It wasn’t always intended, so to say, it was just for pure joy. I like the song. I’ve always liked that song, I told Sascha ‘let’s do a cover version of it’ and Sascha said ‘oh my god no, it’s been done to death, too many times already’. So, I said ‘I don’t do it for commercial reasons, I don’t do it to get approval or acclaim, I just wanted to do it because I wanted to hear it! I like it! Let’s do it! We can afford to produce a track and not use it at all, we have that luxury’. So, I won and he agreed. We did it and it turned out to be great! But not like an Avantasia track, so, I said ‘ok, so it’s not quite a typical Avantasia track, but, if we ask Eric Martin as a duet partner then it sounds like an Avantasia song’. Also, what was so great about that song, the album’s full of long songs. I don’t want to say it’s difficult to access, but there’s like four songs that are quite long. There’s a lot of sophisticated material on the album, so, I thought ‘a four-minute rock song, straight forward, with a great anthemic melody, a song that’s a little bit up-tempo, that you can sing along to even before you’ve heard it for the first time’. It’s something to counter balance the most sophisticated material on the album. That’s when I said ‘ok, it doesn’t belong to the concept, but let’s use it on the album because it sounds like Avantasia and it’s a great song’. Of course, we knew we would get some flak for it, you know, there’s some people saying it ruins the listening experience of the album…What the f***! Press the stop button before it starts! No problem! hahaha

M-R: So, getting to the upcoming Moonglow tour, it has taken twenty years to get over here! Are you and the ensemble of Avantasia as excited as we are that you’re finally coming?

Absolutely! Everybody in the band are, most of the people in the band have not been to Australia before. I’m in a fortunate position, I’ve been given the chance to tour there. I think, three times now and it’s always been amazing. I know it’s not arenas…when we (Edguy) come, we usually play clubs. This time it’s going to be theatres. I know everything is a little bit smaller, it’s not the metal scene of Helsinki or Madrid, I know that.

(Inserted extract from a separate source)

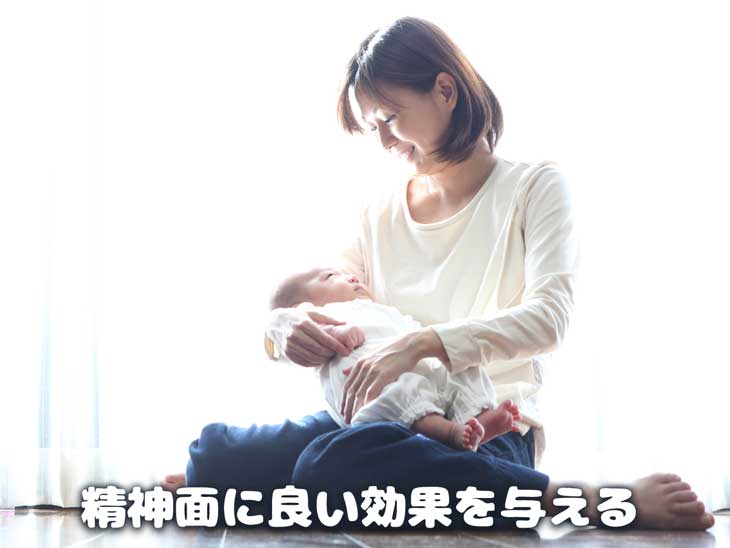 新生児を抱っこする笑顔のママ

I’m still very proud to play there and that some of my people, the Avantasia tribe, get the chance to tour Australia for the first time. It’s a great thing and everyone’s extremely excited.

I’m not gonna strip down the show down at all, we’re going to play all the songs that we play on the European tours. We’re gonna play for 3 hours, we’re gonna have Geoff Tate and Bob Catley, Jorn Lande, Ronnie Atkins, Eric Martin of Mr Big, Herbie Langhans, Oli Hartmann and Sascha Paeth, you name it! We’re all gonna be there!

M-R: Sounds amazing! Cannot wait to see you in Sydney!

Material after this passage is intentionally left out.